PDFSyntax takes care of the processing and proposes a visualization approach that consists in adding information and hyperlinks on top of a text that is a mostly a pretty-print of the PDF data once uncompressed. It respects the physical flow of the file while offering a logical navigation between revisions (incremental updates) and between objects.
Architecture
PDFSyntax is a self-contained Python package - without any dependency - and is principally a low-level PDF library.The browse
command is its highest and most visible part. It produces static HTML content that offers sufficient interactivity: JavaScript may be disabled.
Demo
Please try the LIVE DEMO of a full static HTML output that you can browse, at https://pdfsyntax.dev/simple_text_string.html (hosted on GitHub Pages).

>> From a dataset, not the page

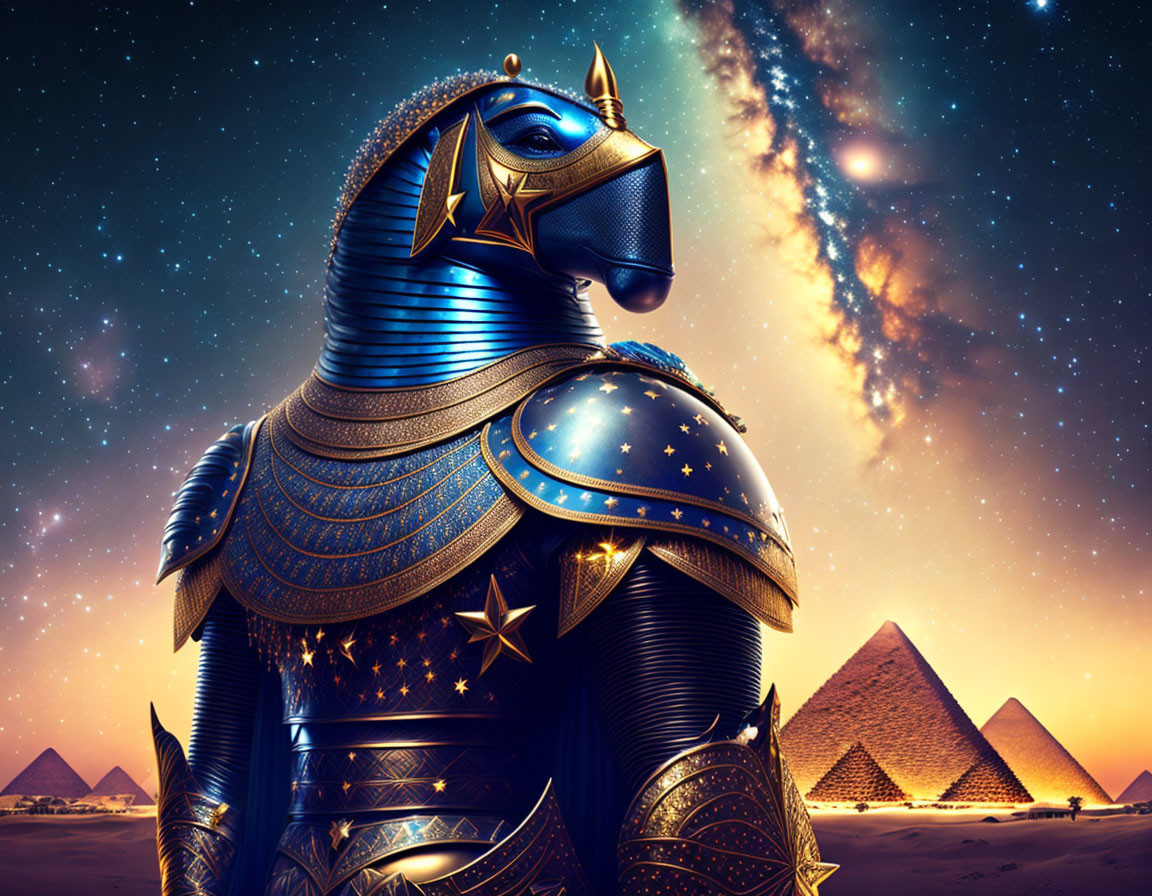 Egyptian Pyramid Backdrop with Anubis-Inspired Armor Design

Here is the same example, as a partial screenshot:
NB: this is the output produced for the Simple Text String example file from the PDF Specification.
Usage
PDFSyntax can be installed from the GitHub repo (no dependency) or from PyPI:
pip install pdfsyntax
Redirect the standard output to a file that you can open in your browser:
python3 -m pdfsyntax browse file.pdf > inspection_file.html
Features
The generated HTML "looks" like an augmented raw PDF file with the following additional work:
- Add a reverse index: links to where an object is used
- Add a page index in a navigation menu
- Add a physical minimap in a navigation menu
- Indent to pretty-print dictionary objects
- Extract objects contained in object streams and insert them in the flow like regular objects
- Decompress streams and display a small part of it
- Turn indirect object references into hyperlinks
- Turn offset references (for example a /Prev entry) into hyperlinks
- Display file offsets of objects in a left margin
- Put some color on important names (for example /Type)
- Put some color on warnings (for example the presence of /JS)
- Light & dark modes
WARNING: Encrypted files are not supported yet